** Exercise instructions **
The material below is to be copied exactly from the line with "Meet in the" up to and including the line with "Yamaha JANUS Fi", with nothing else kept and no pictures.

** Provided material **
========

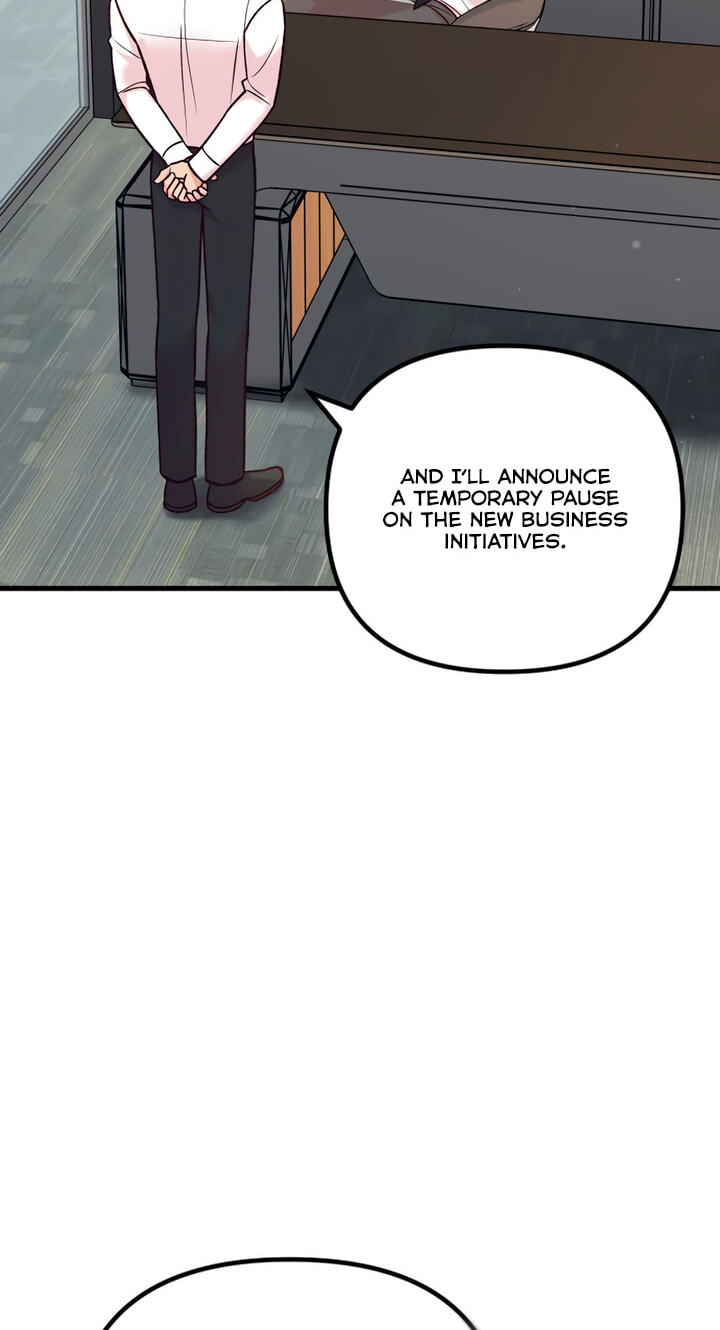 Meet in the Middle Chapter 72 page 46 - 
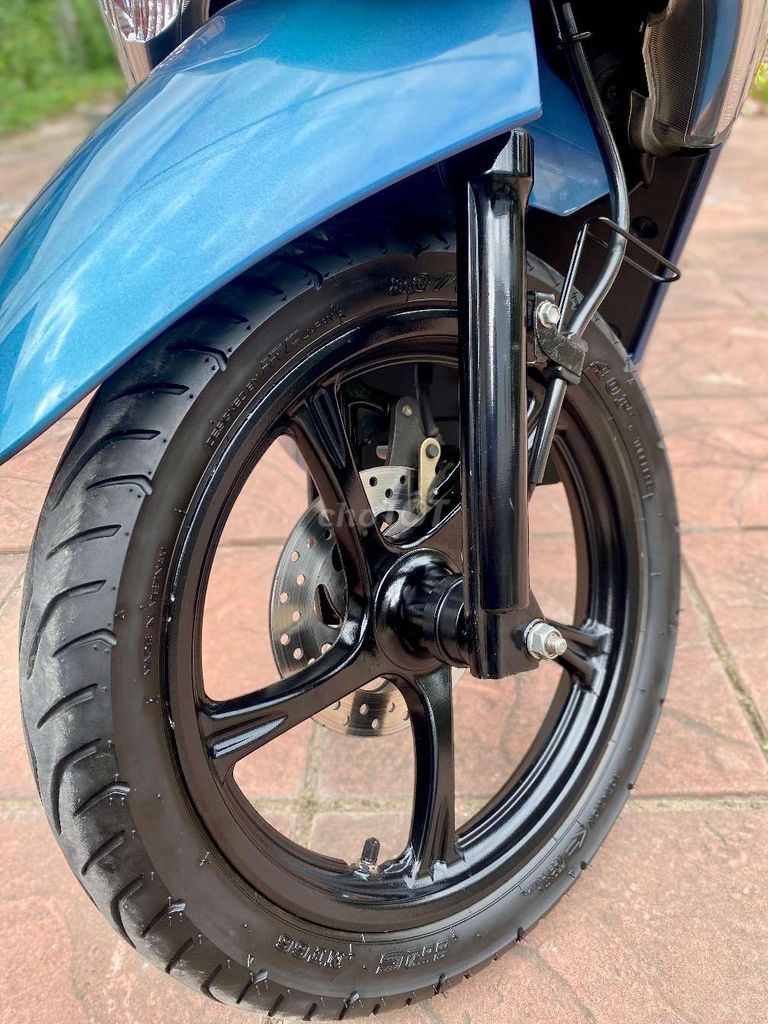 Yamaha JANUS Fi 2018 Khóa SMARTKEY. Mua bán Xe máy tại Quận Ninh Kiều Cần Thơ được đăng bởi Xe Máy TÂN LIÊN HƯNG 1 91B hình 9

========

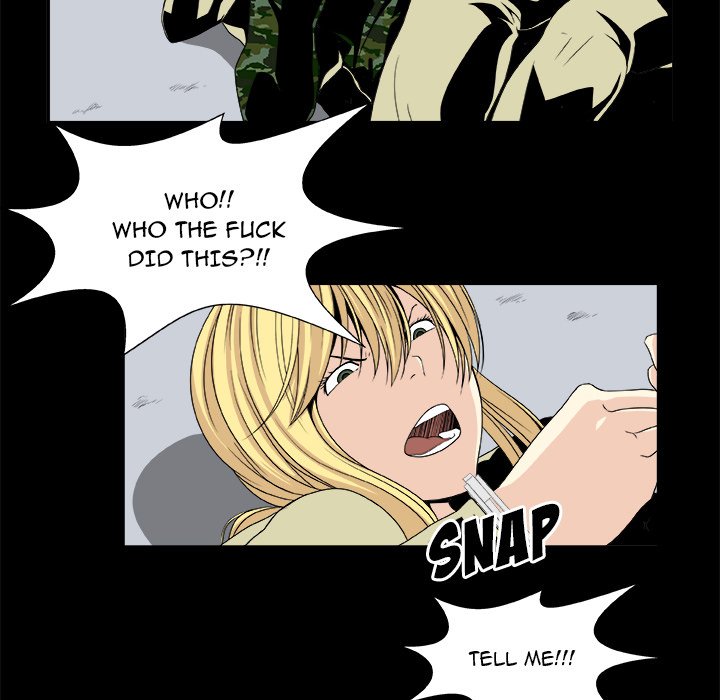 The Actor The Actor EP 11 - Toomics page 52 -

========

** Response to the task **
 Meet in the Middle Chapter 72 page 46 - 
 Yamaha JANUS Fi 2018 Khóa SMARTKEY. Mua bán Xe máy tại Quận Ninh Kiều Cần Thơ được đăng bởi Xe Máy TÂN LIÊN HƯNG 1 91B hình 9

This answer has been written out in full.